» Task brief
With the pictures omitted, repeat exactly the lines below starting with the line that has "Karton met vlag" and going on through the line that has "a large swimming".

» Record extracts
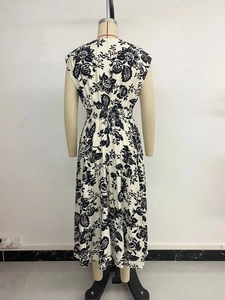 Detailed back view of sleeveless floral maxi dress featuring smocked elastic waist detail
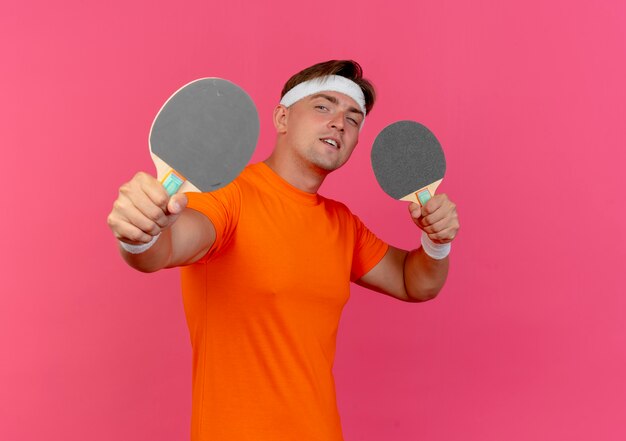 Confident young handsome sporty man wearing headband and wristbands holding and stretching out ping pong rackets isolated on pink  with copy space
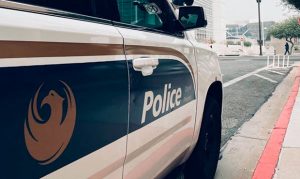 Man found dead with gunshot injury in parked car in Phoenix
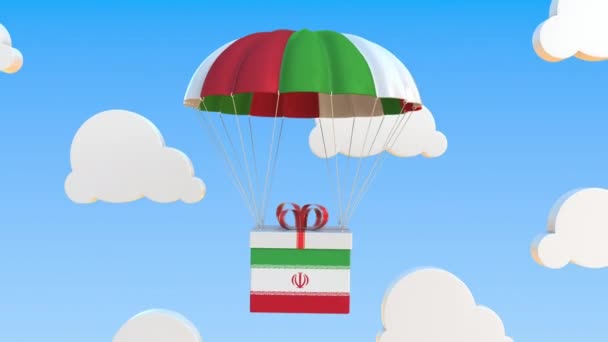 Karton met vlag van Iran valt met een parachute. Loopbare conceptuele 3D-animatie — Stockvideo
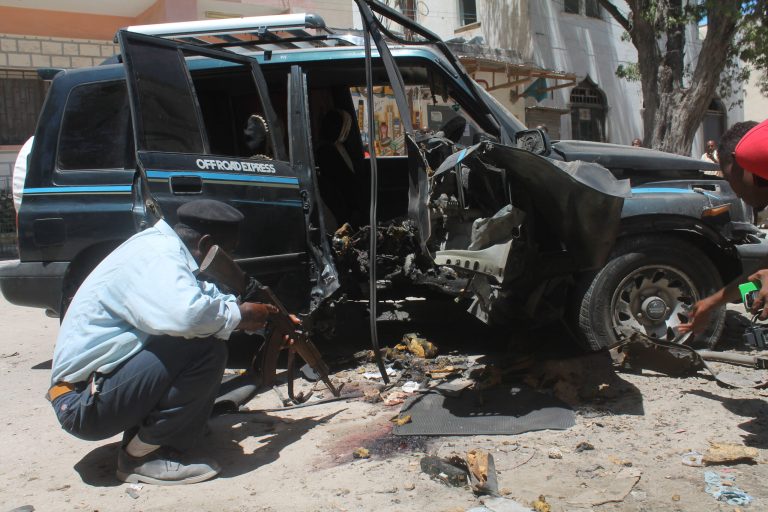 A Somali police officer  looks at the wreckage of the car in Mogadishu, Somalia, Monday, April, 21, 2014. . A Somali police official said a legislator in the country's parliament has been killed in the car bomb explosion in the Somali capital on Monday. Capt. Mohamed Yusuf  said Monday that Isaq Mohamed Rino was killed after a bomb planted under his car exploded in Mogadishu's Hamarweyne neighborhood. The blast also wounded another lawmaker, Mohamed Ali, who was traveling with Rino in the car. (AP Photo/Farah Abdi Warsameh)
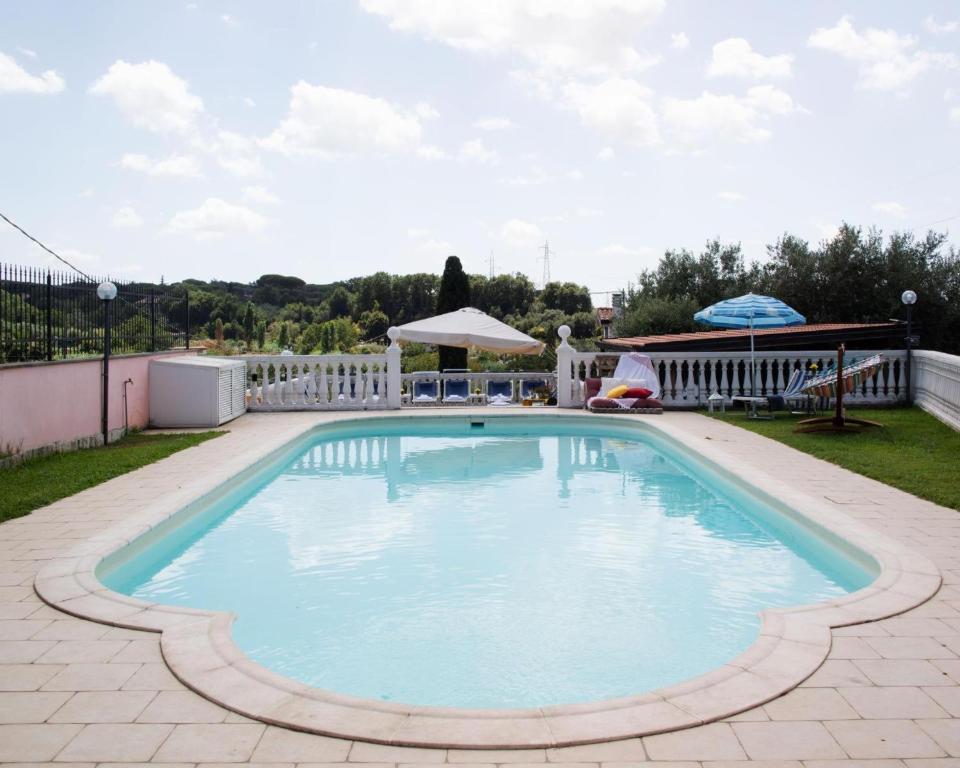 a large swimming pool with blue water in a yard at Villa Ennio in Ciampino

--

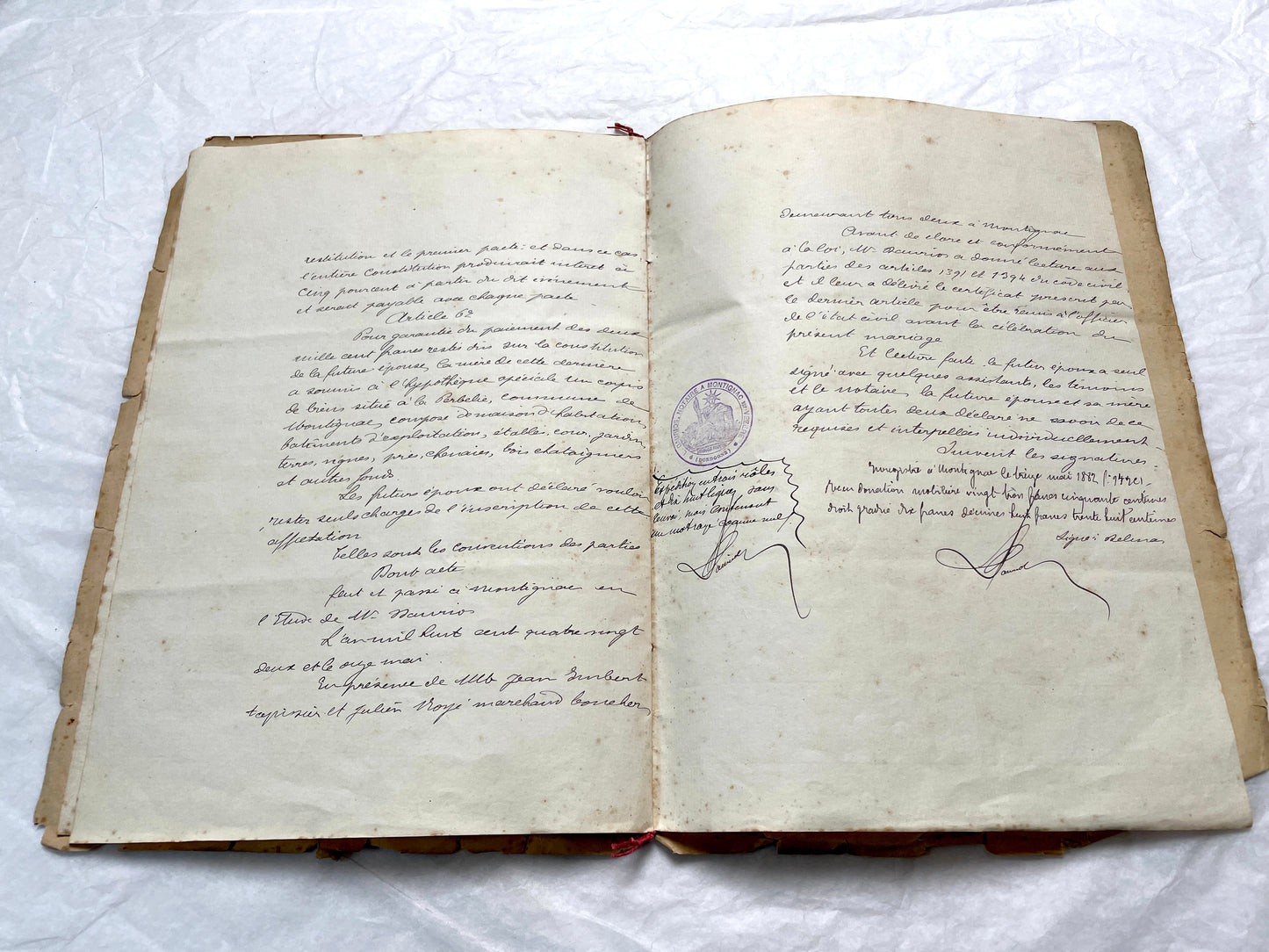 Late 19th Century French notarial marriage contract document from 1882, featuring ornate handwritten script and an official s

---

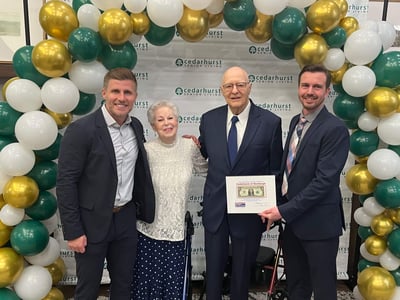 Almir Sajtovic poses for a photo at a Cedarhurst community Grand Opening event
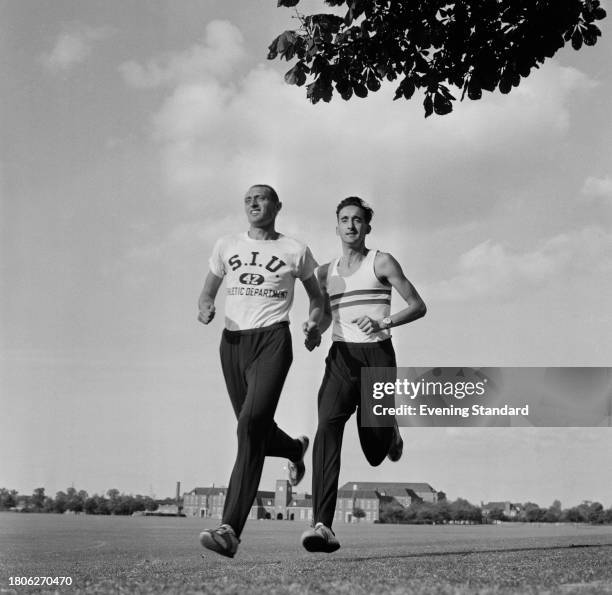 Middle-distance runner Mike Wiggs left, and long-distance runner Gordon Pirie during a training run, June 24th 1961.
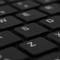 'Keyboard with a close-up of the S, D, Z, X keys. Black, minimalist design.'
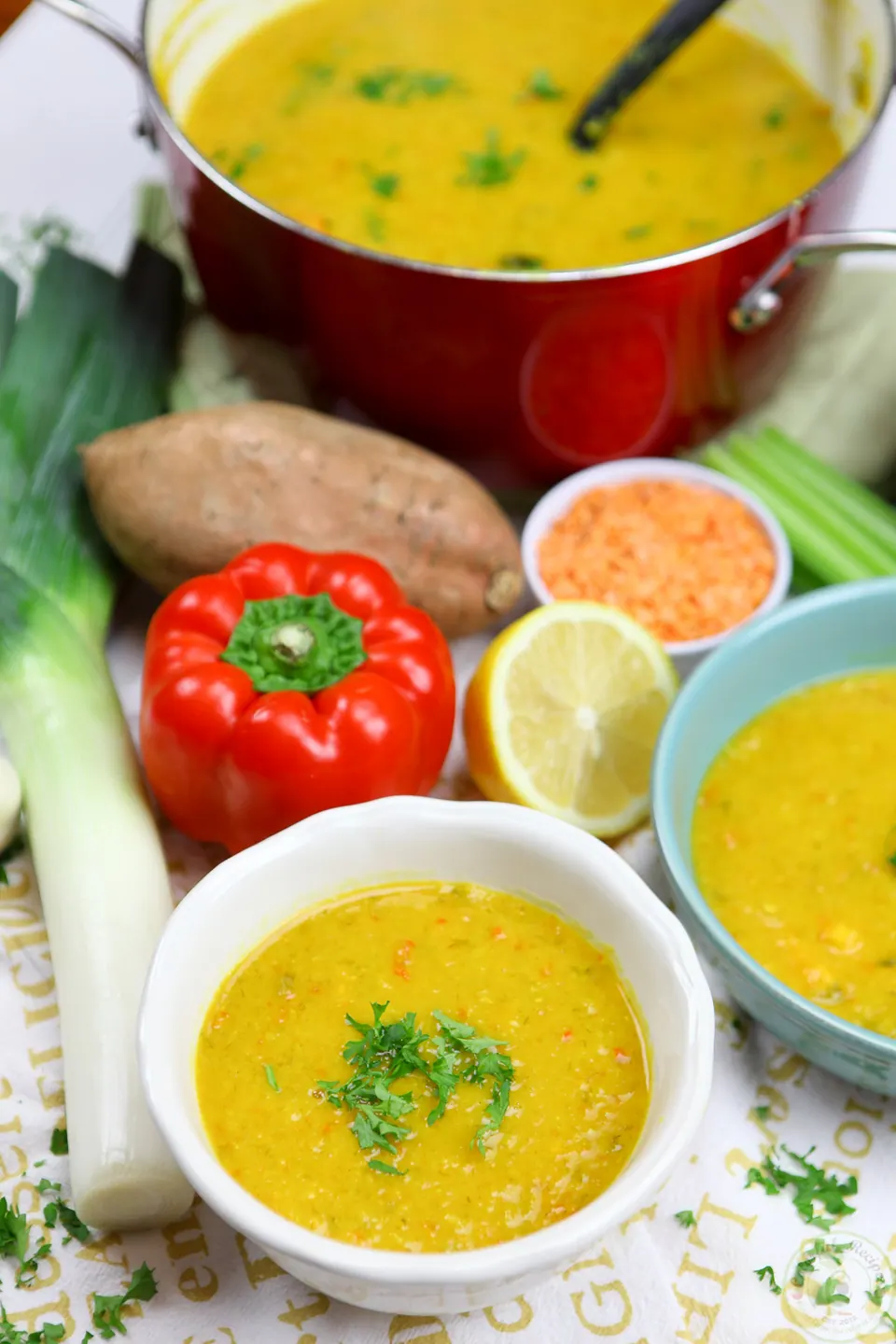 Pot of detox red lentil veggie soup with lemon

» Solved exercise
 Karton met vlag van Iran valt met een parachute. Loopbare conceptuele 3D-animatie — Stockvideo
 A Somali police officer  looks at the wreckage of the car in Mogadishu, Somalia, Monday, April, 21, 2014. . A Somali police official said a legislator in the country's parliament has been killed in the car bomb explosion in the Somali capital on Monday. Capt. Mohamed Yusuf  said Monday that Isaq Mohamed Rino was killed after a bomb planted under his car exploded in Mogadishu's Hamarweyne neighborhood. The blast also wounded another lawmaker, Mohamed Ali, who was traveling with Rino in the car. (AP Photo/Farah Abdi Warsameh)
 a large swimming pool with blue water in a yard at Villa Ennio in Ciampino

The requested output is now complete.